**EXERCISE DIRECTIONS**
Go to the line holding "Noobass Φούτερ Cropped" in the data below. Return it and each line after it through the last, exactly, and skip the pictures.

------ INPUT DATA

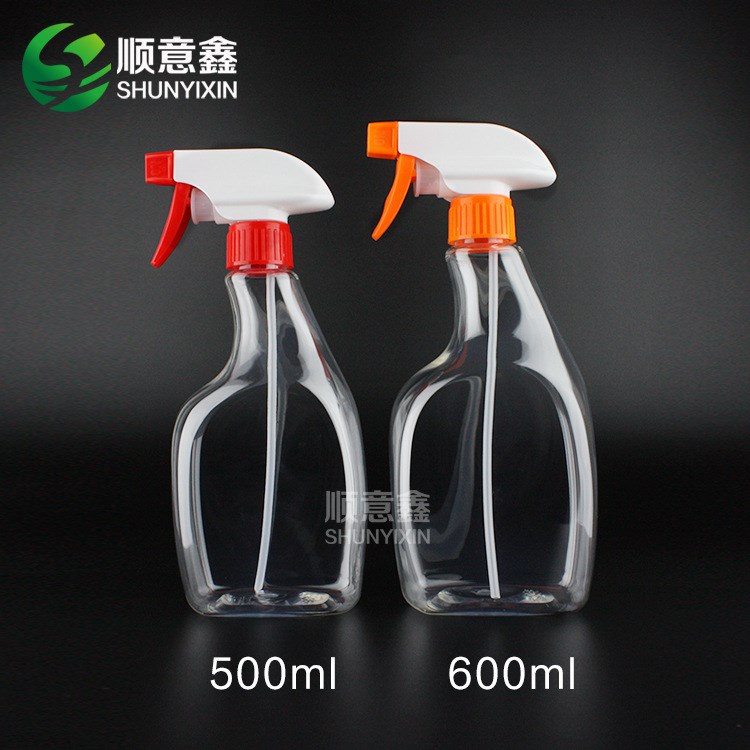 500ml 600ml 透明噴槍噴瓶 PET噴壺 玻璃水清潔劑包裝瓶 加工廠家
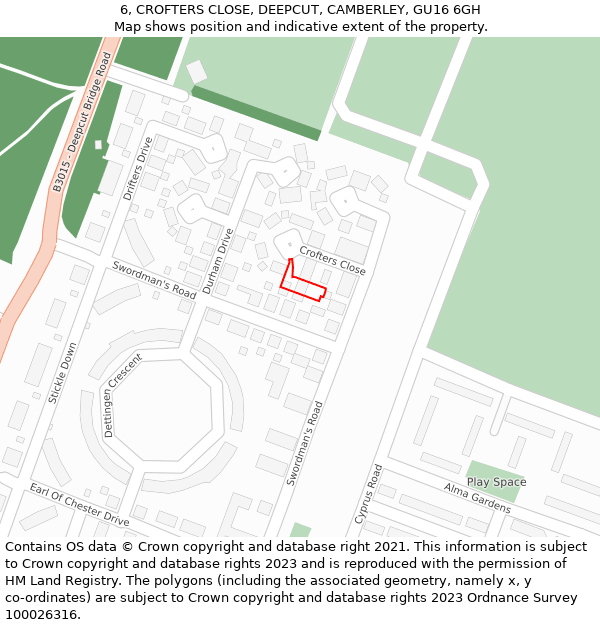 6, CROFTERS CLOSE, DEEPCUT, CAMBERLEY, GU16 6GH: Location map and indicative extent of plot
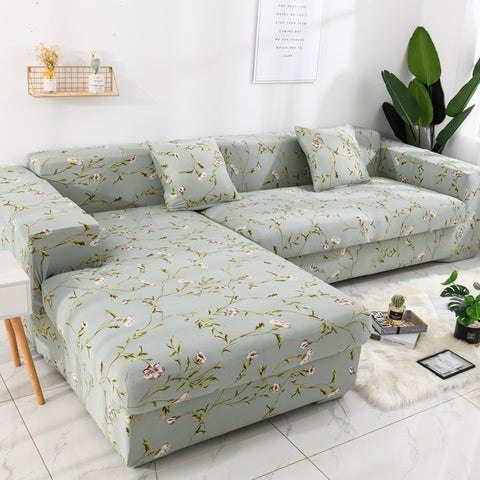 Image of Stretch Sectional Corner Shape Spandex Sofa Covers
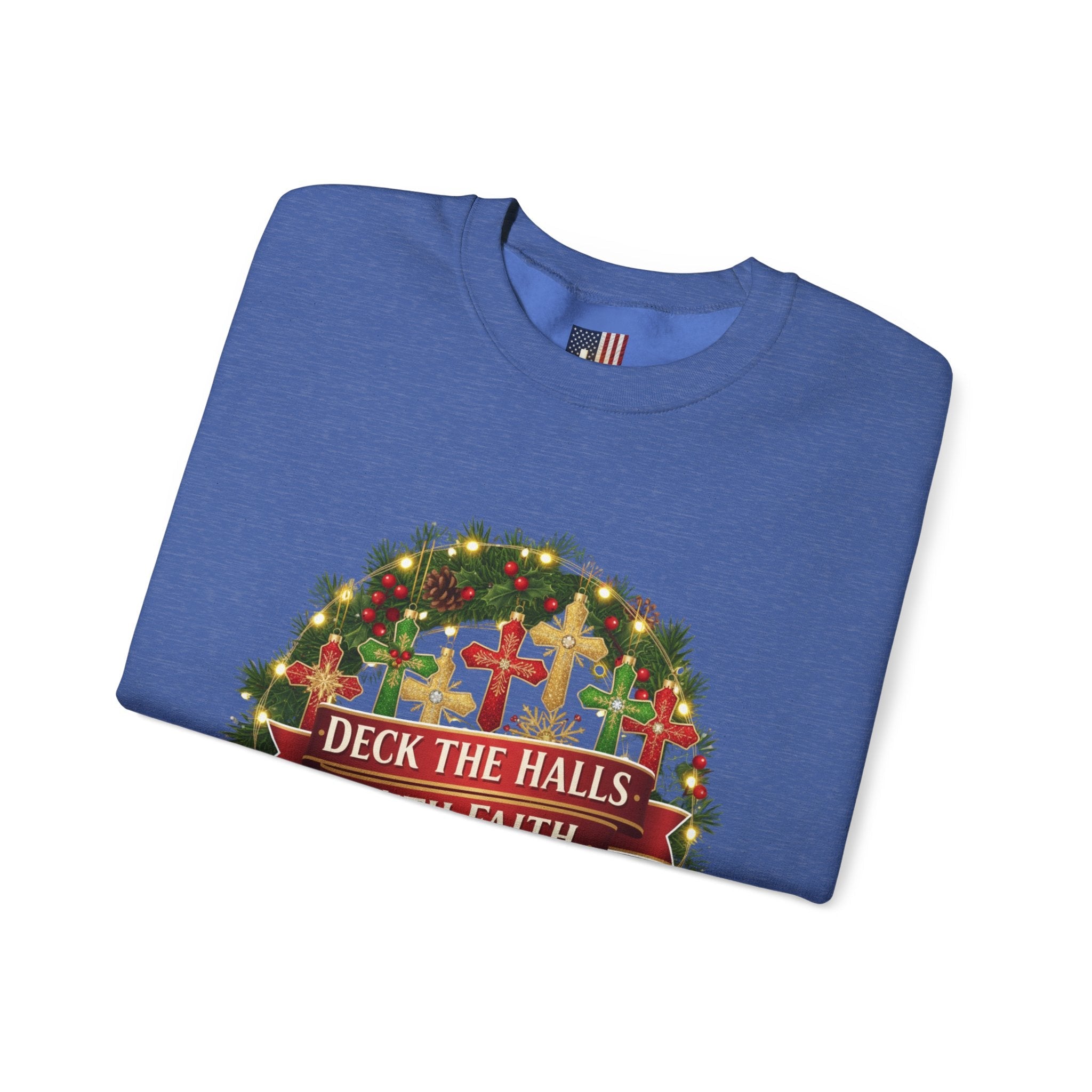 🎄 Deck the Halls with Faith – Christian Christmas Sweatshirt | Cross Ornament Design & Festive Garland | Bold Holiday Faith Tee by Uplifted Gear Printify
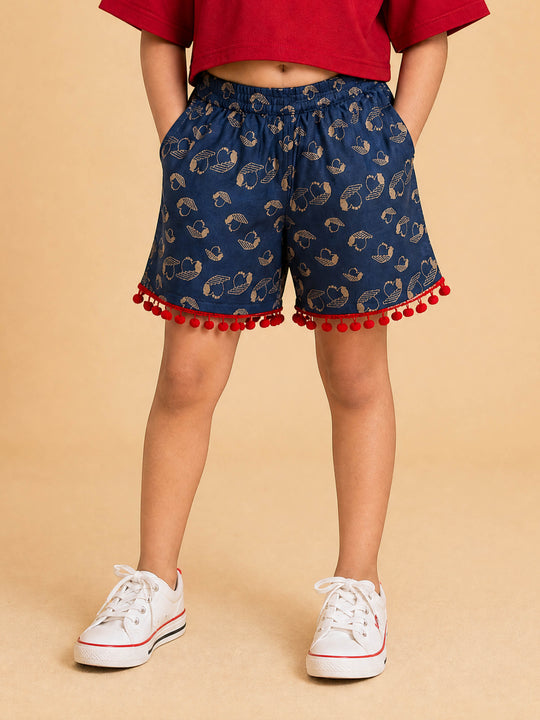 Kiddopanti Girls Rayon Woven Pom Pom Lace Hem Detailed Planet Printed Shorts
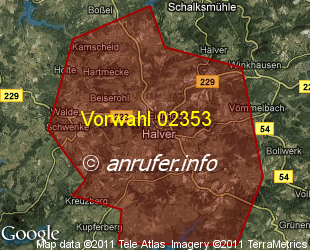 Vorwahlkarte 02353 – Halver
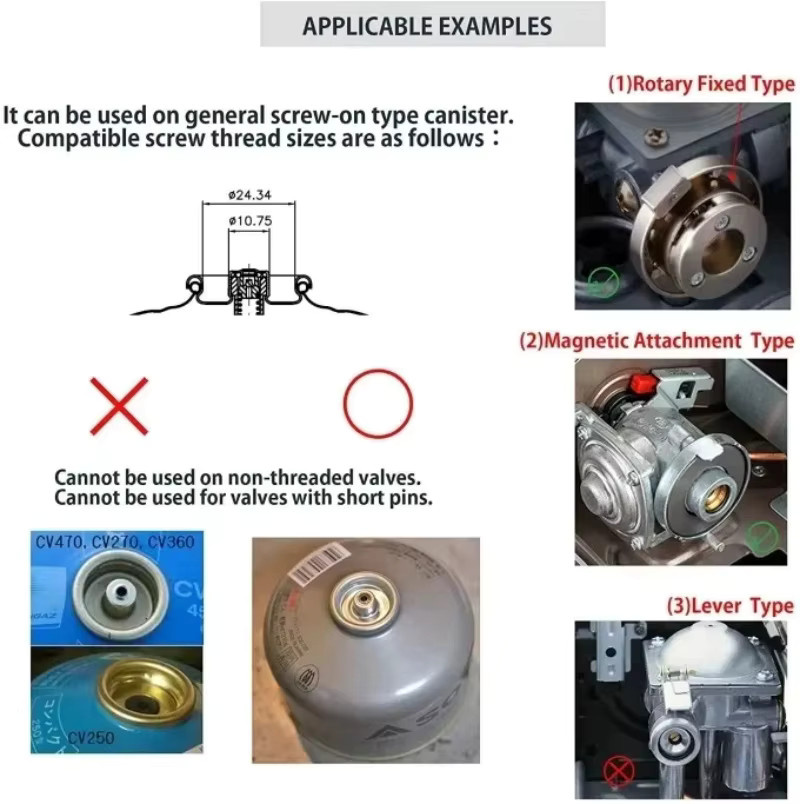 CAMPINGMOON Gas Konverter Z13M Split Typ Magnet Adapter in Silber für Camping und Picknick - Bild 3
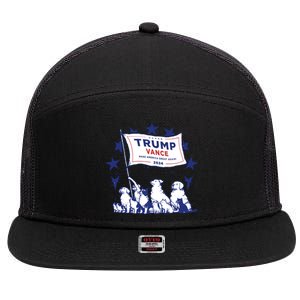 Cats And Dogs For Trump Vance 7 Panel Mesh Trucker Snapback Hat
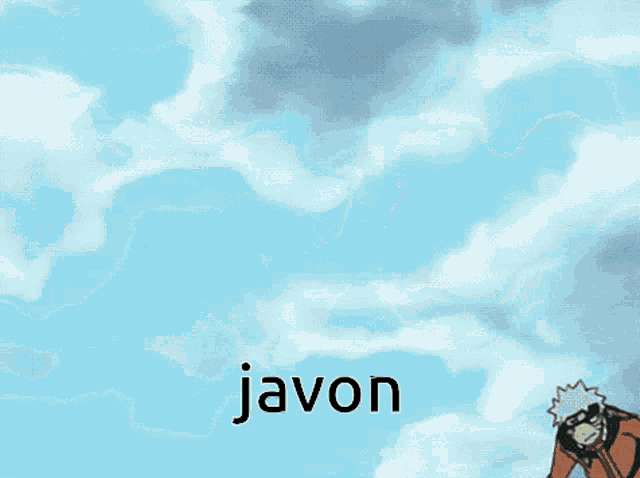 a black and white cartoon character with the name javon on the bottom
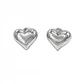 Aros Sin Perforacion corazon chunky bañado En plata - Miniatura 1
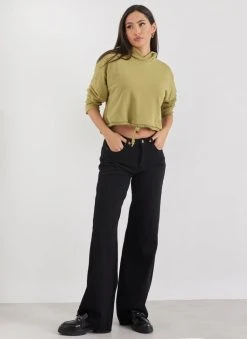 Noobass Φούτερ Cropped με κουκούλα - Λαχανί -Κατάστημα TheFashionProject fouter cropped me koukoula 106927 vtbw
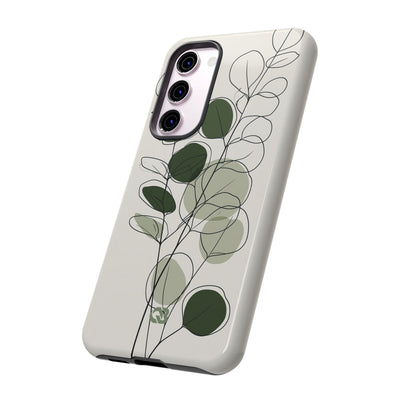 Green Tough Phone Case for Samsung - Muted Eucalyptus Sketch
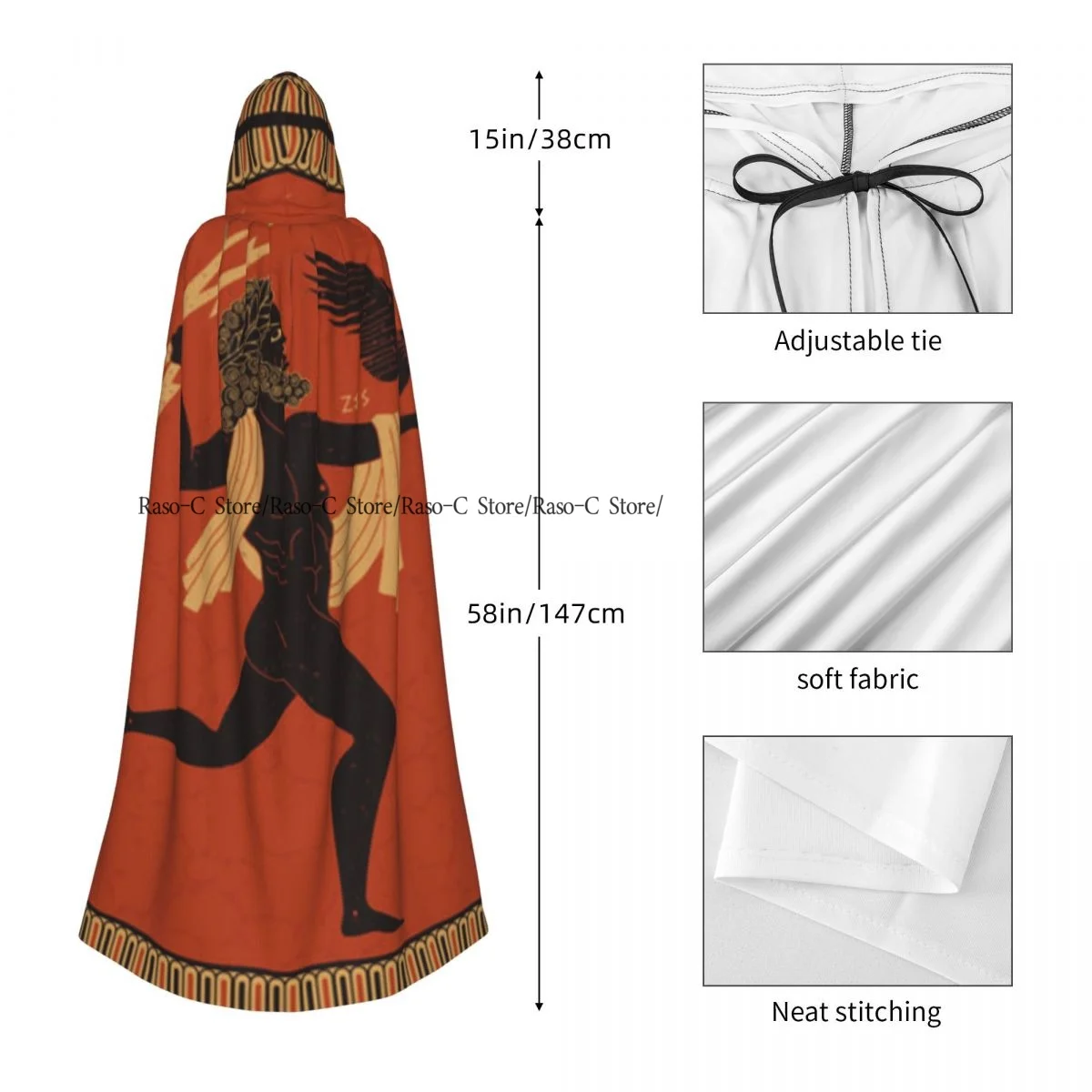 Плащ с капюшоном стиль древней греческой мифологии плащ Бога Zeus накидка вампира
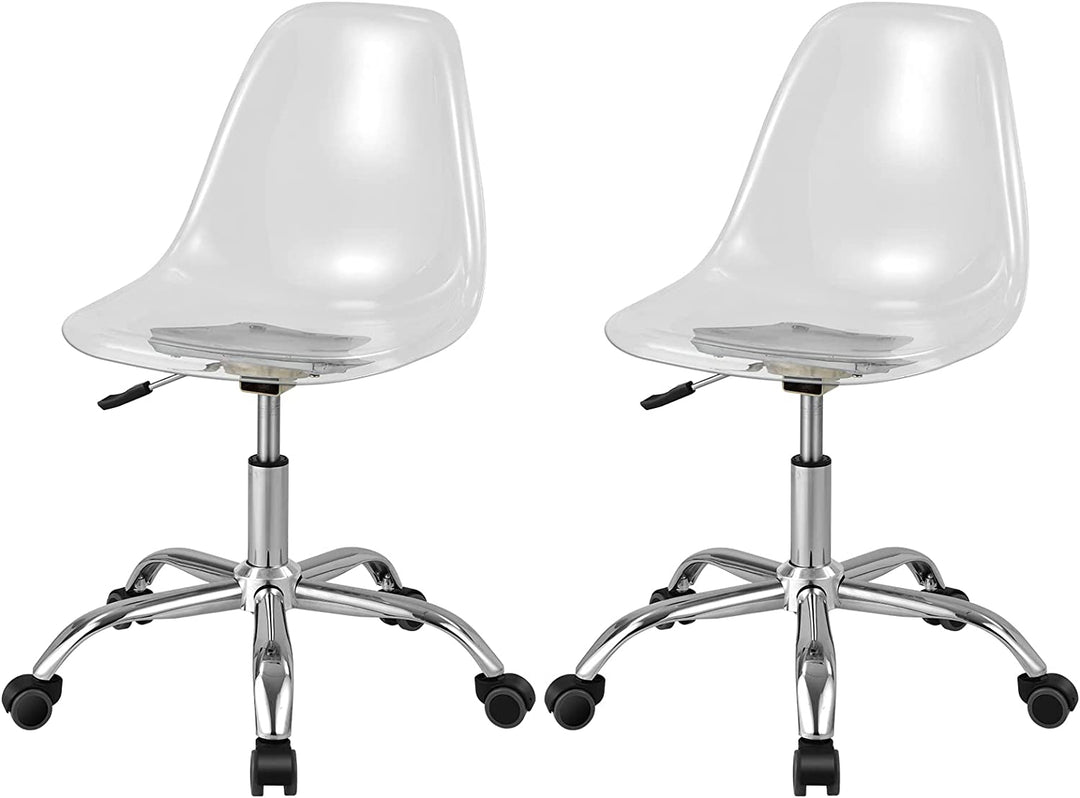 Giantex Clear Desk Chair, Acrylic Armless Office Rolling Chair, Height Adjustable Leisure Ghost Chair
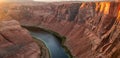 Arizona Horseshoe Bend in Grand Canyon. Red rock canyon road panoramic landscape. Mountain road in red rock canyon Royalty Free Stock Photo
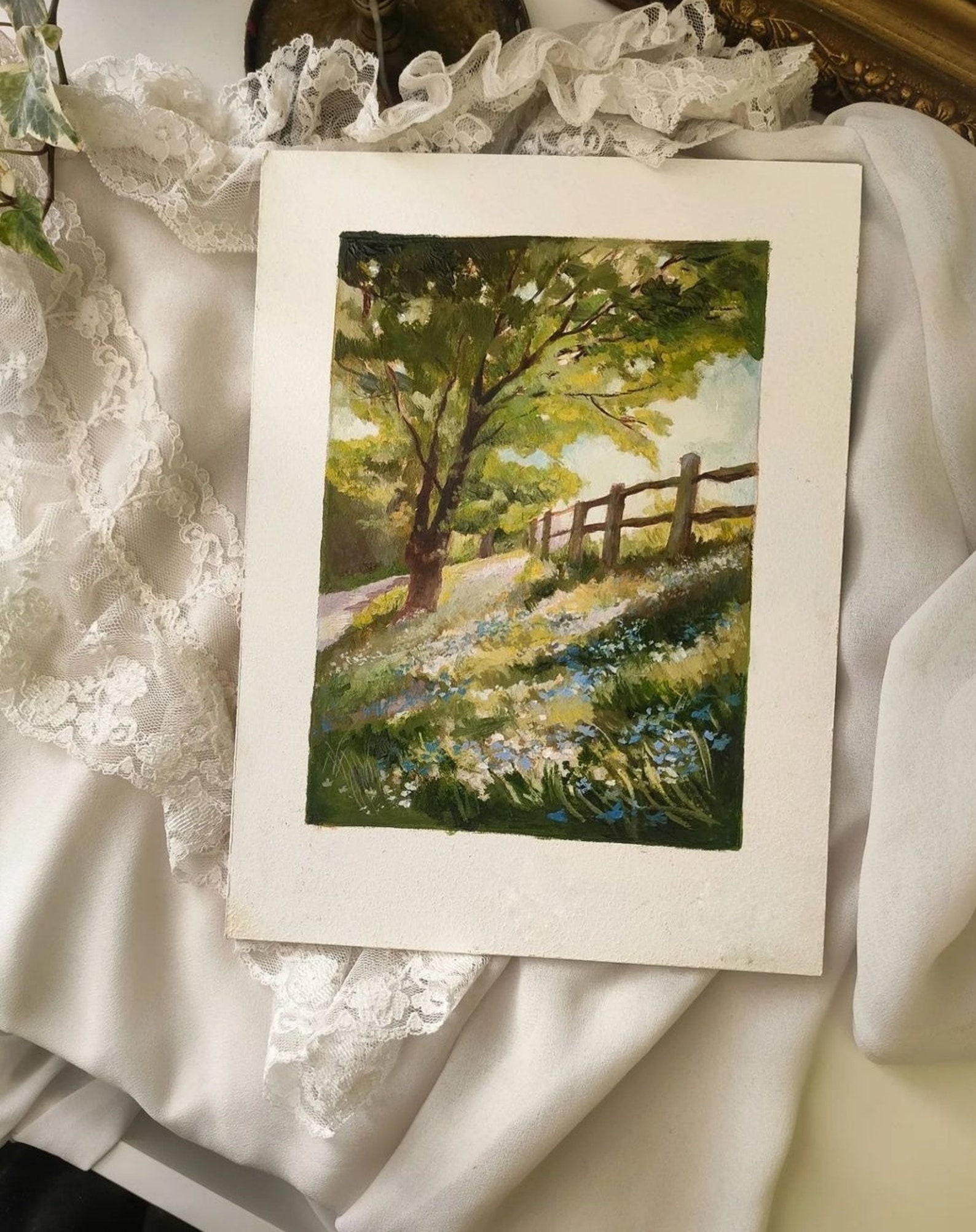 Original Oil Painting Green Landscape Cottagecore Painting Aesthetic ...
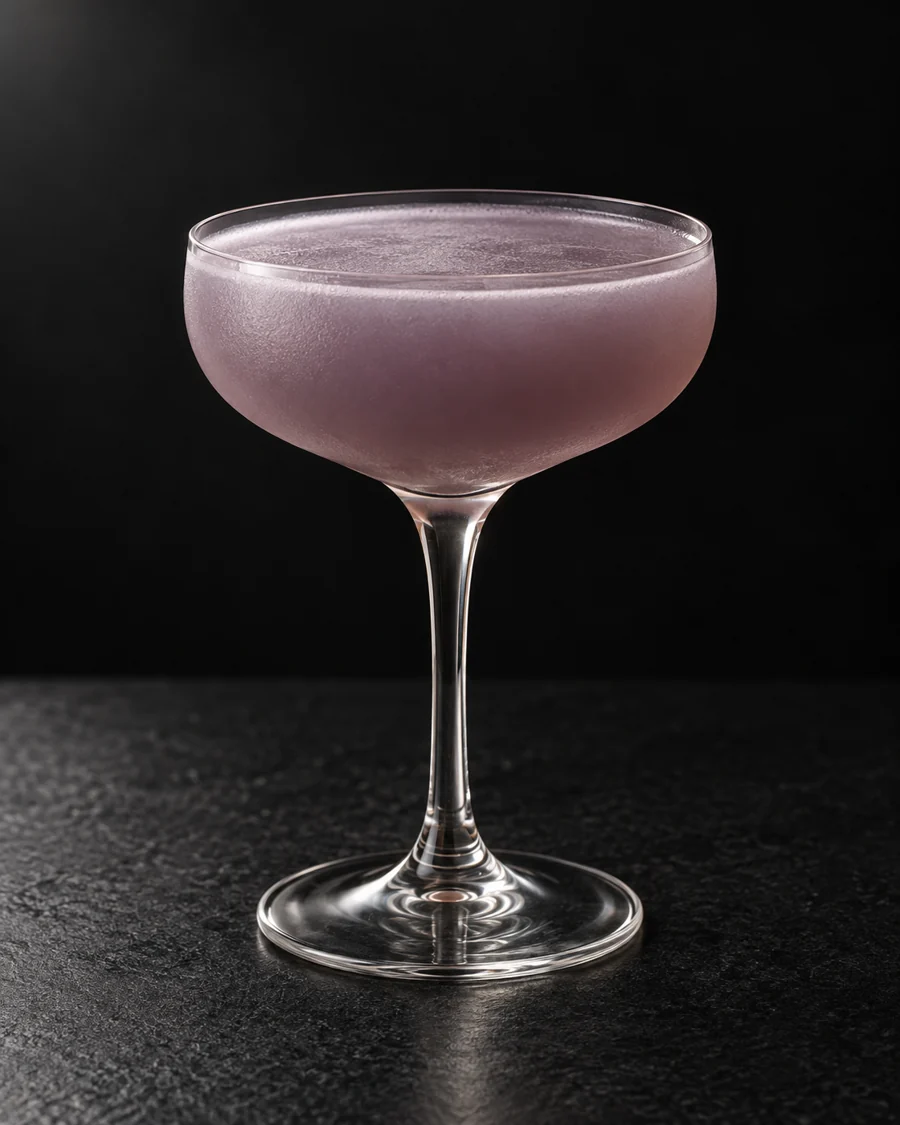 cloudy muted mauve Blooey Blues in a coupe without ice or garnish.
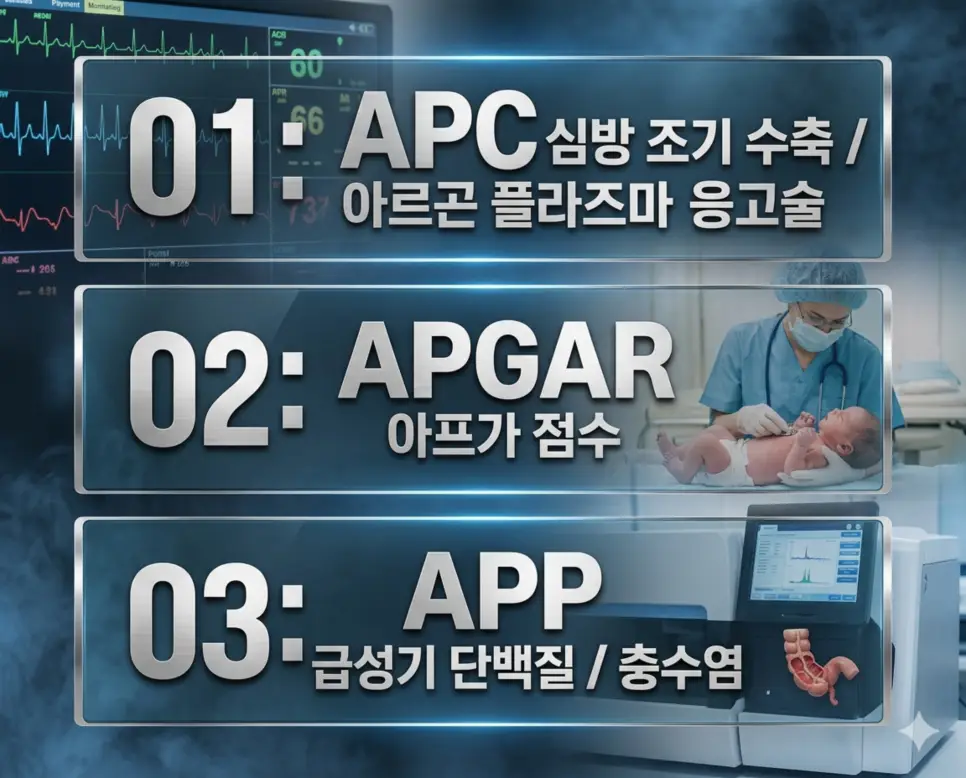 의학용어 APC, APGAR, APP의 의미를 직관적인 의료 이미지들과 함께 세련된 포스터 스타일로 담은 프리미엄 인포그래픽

------------

**RESULT OF THE EXERCISE**
 Noobass Φούτερ Cropped με κουκούλα - Λαχανί -Κατάστημα TheFashionProject fouter cropped me koukoula 106927 vtbw
 Green Tough Phone Case for Samsung - Muted Eucalyptus Sketch
 Плащ с капюшоном стиль древней греческой мифологии плащ Бога Zeus накидка вампира
 Giantex Clear Desk Chair, Acrylic Armless Office Rolling Chair, Height Adjustable Leisure Ghost Chair
 Arizona Horseshoe Bend in Grand Canyon. Red rock canyon road panoramic landscape. Mountain road in red rock canyon Royalty Free Stock Photo
 Original Oil Painting Green Landscape Cottagecore Painting Aesthetic ...
 cloudy muted mauve Blooey Blues in a coupe without ice or garnish.
 의학용어 APC, APGAR, APP의 의미를 직관적인 의료 이미지들과 함께 세련된 포스터 스타일로 담은 프리미엄 인포그래픽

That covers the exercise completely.